● HOW TO COMPLETE THIS TASK
Retype every line from the one containing "En la quinta" through the last line of the records below, both included; leave out the pictures.

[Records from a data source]
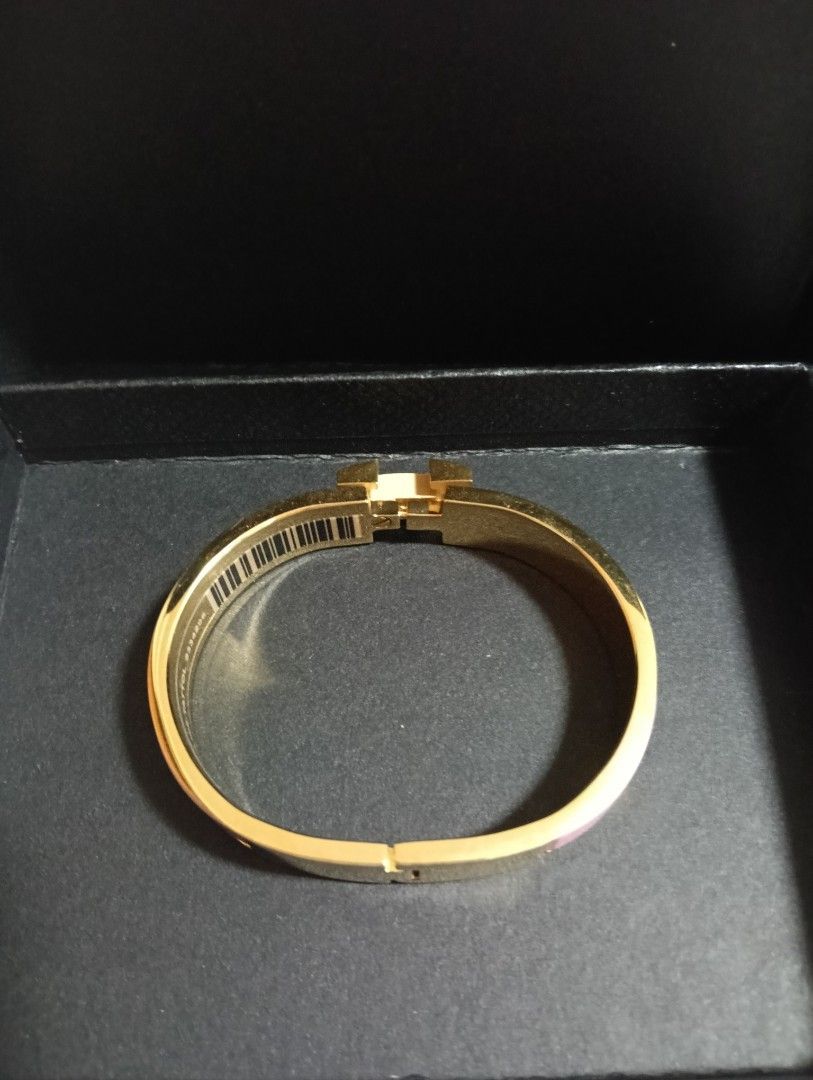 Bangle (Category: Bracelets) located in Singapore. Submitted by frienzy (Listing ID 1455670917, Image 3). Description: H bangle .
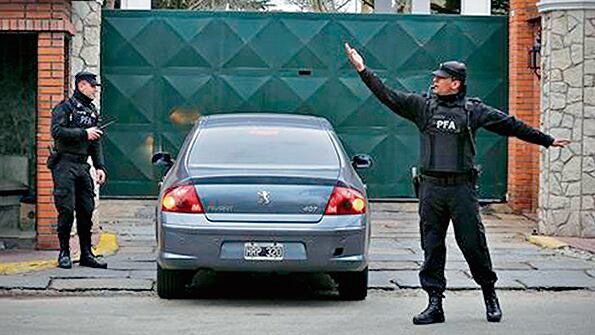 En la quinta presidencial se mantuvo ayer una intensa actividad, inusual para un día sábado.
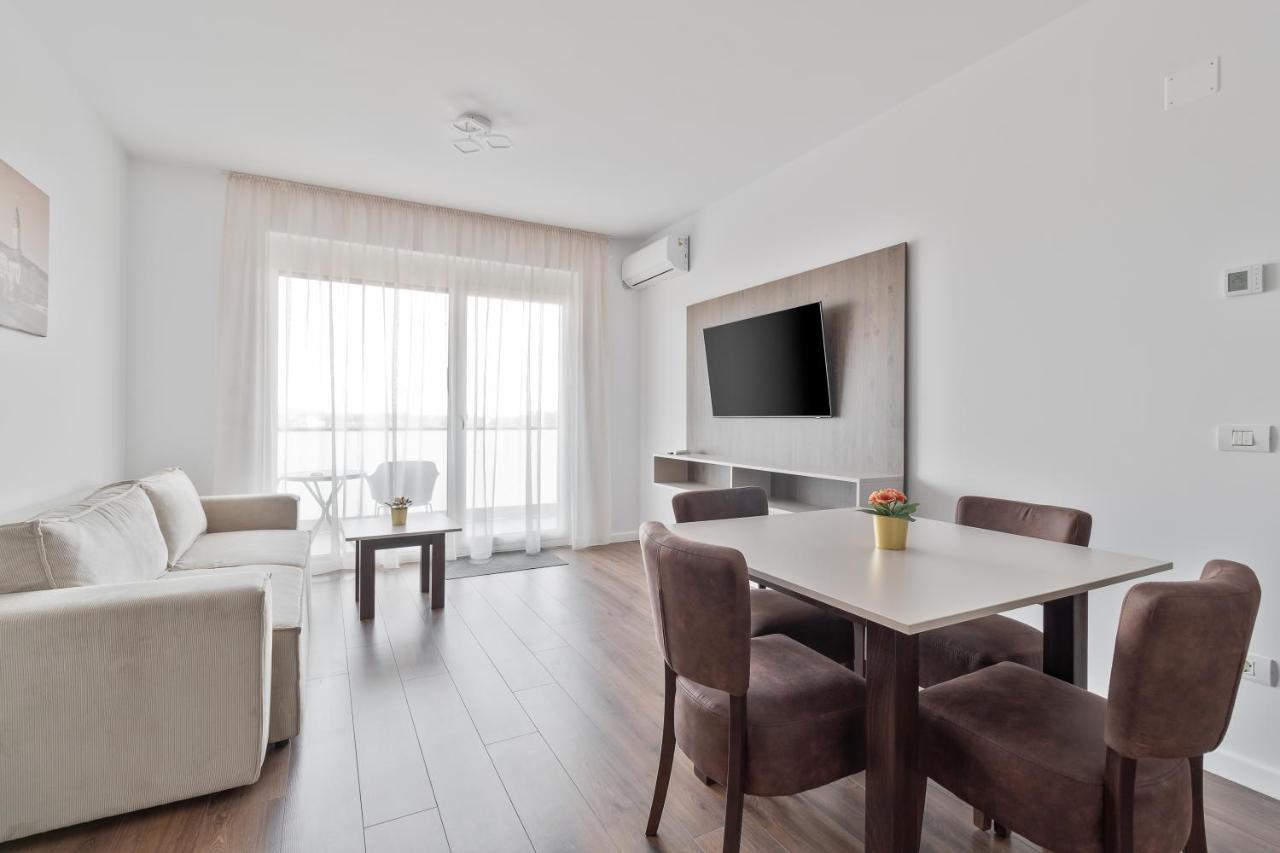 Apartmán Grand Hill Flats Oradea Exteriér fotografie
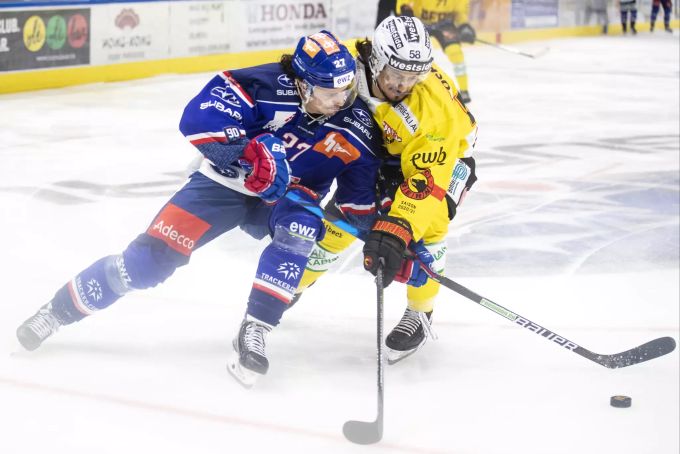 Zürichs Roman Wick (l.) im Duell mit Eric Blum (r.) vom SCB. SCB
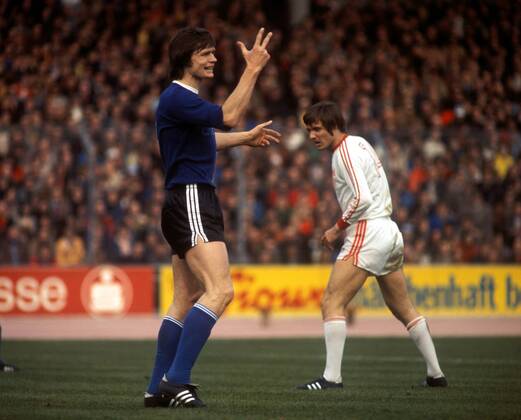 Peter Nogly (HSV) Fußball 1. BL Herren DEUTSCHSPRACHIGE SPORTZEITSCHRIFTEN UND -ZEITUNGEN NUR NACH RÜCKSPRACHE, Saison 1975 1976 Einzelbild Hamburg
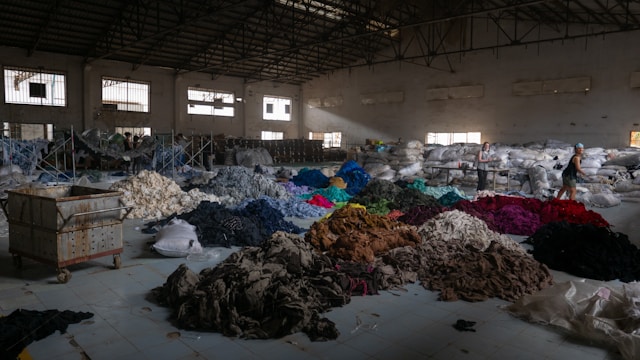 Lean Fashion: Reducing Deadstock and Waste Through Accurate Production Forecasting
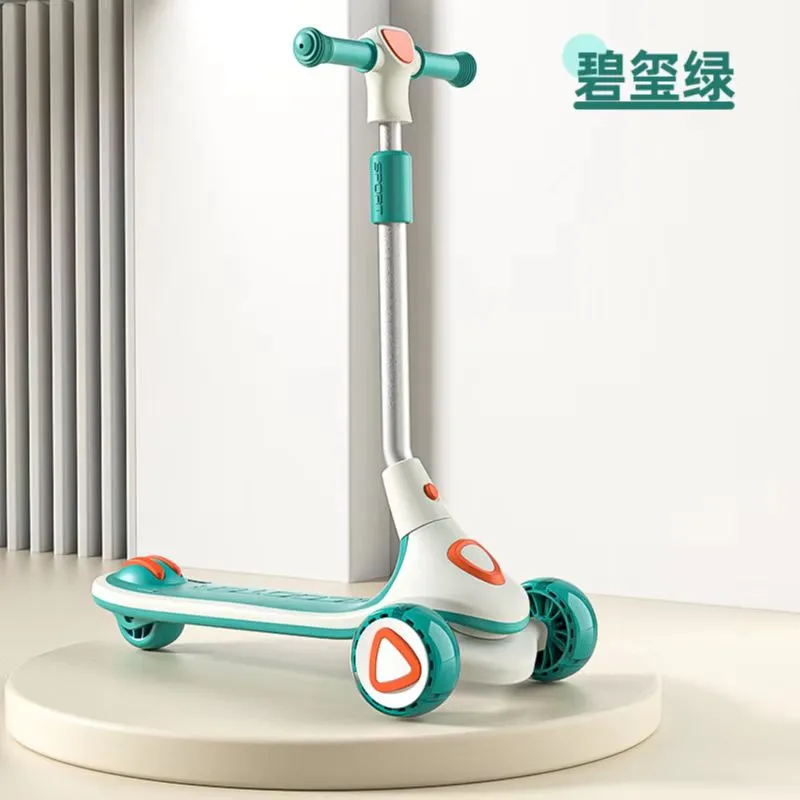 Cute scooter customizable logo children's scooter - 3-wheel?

● WRITTEN SOLUTION
 En la quinta presidencial se mantuvo ayer una intensa actividad, inusual para un día sábado.
 Apartmán Grand Hill Flats Oradea Exteriér fotografie
 Zürichs Roman Wick (l.) im Duell mit Eric Blum (r.) vom SCB. SCB
 Peter Nogly (HSV) Fußball 1. BL Herren DEUTSCHSPRACHIGE SPORTZEITSCHRIFTEN UND -ZEITUNGEN NUR NACH RÜCKSPRACHE, Saison 1975 1976 Einzelbild Hamburg
 Lean Fashion: Reducing Deadstock and Waste Through Accurate Production Forecasting
 Cute scooter customizable logo children's scooter - 3-wheel?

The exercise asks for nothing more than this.